You can hear Ranchero music blaring from beachside cantinas, shacks made of bamboo and thatched straw roofs serving, fresh grilled chicken and fish, tortillas, refried beans, rice, beer, tequila, and soft drinks.


Juan, Henry, and Moon walk away from the crowd to an isolated area of the beach with a single cantina. They place a large Las Hamacas bedspread on the sand, strip down to their swimsuits, and drink Pacifico beer.


Juan body surfs while the precocious teens, Henry and Moon, talk about esoterica— 


What is life? 


Is there a God? 


Did Martians create the human race?


The young lovers bond intellectually, physically though, their both virgins.


At sunset, the trio catches a taxi back to The Los Hamacas Hotel and go to their room. The virgin lovers lay in one single bed and Juan passes out on the other. 


At this point, Henry's parents were missing him and suspected something was going on.


Henry and Moon make out on the bed, breathing hard, deep kissing, fumbling, confused, finally getting naked under the sheets— getting closer to first-time coitus.   


Hit and miss, he locates Moon’s pink taco and gently puts the meat to it, getting off in record-breaking time, 30 seconds. She's surprised, shaken some, and she can't recollect feeling anything.


As for Henry, he couldn't have pulled it off if he hadn't read the Kama Sutra.


In that it was their first time, the lovers clean up more than they need to, Moon spends 40 minutes in the shower. 


They walk out the patio door to the pool. Henry’s mother, Linda, is waiting and she corners him. He realizes he missed Christmas diner with his parents and she reads him the riot act,  


Henry, what were you doing in THAT hotel room with THAT girl? Where have you been for the last two days? Your father and I have been worried sick. You could have left a note at least.

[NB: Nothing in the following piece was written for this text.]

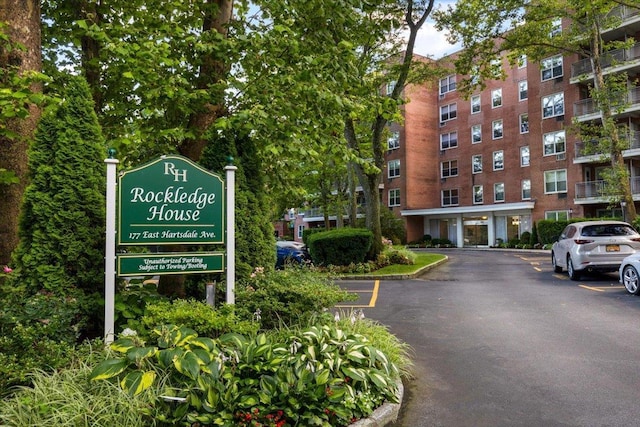 177 E Hartsdale Ave Unit 2Y, Hartsdale, NY 10530 - photo 1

She smacks him around, cross-slapping him European style on both cheeks in front of Moon. 


He's more embarrassed than hurt.


His mother goes on with the sermonizing, she’s juiced on Martinis.

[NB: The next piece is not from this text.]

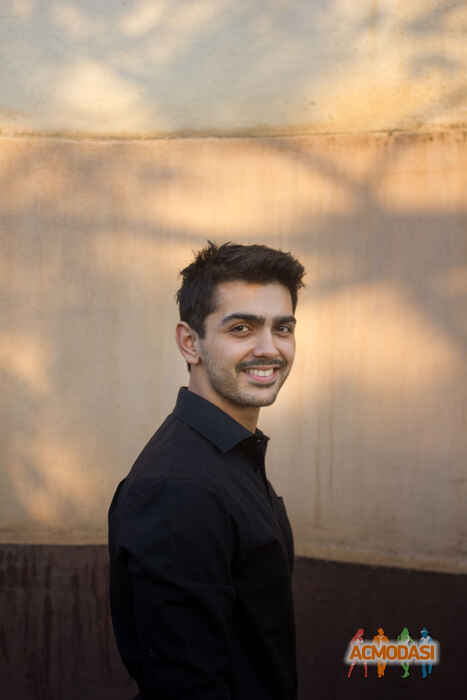 karan sanjeev sharma photo №87952. Uploaded 17 December 2016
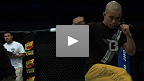 UFC on FUEL TV 4:オクタゴンウォームアップ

Henry, you missed Mass. It's Christmas Day, a time for families to be together, to pay respect to the Lord. I can smell beer on your breath, and God knows what you've been doing with THAT girl? Go to confession tonight.


Linda opens her purse and pulls out a Rosary, handing it to him, knowing her son is beyond hope and backsliding. He says to her, 


Ma are you on a sainthood crusade? 


Speechless, his mother does an about-face and goes to meet his father somewhere.


In spite of missing Mass, Christmas Dinner, and getting chewed out by his mother, the happenings over the last few days are an awakening for Henry.


Maybe, the magic of new love discovered was paramount to— garlands, cozy fireplaces, ornate cookies, eggnog, the giving of stuff, and mistletoe.  


Juan, Henry, and Moon— We Three Kings, or Two Kings and Queen, win the crapshoot of life, this time around anyway.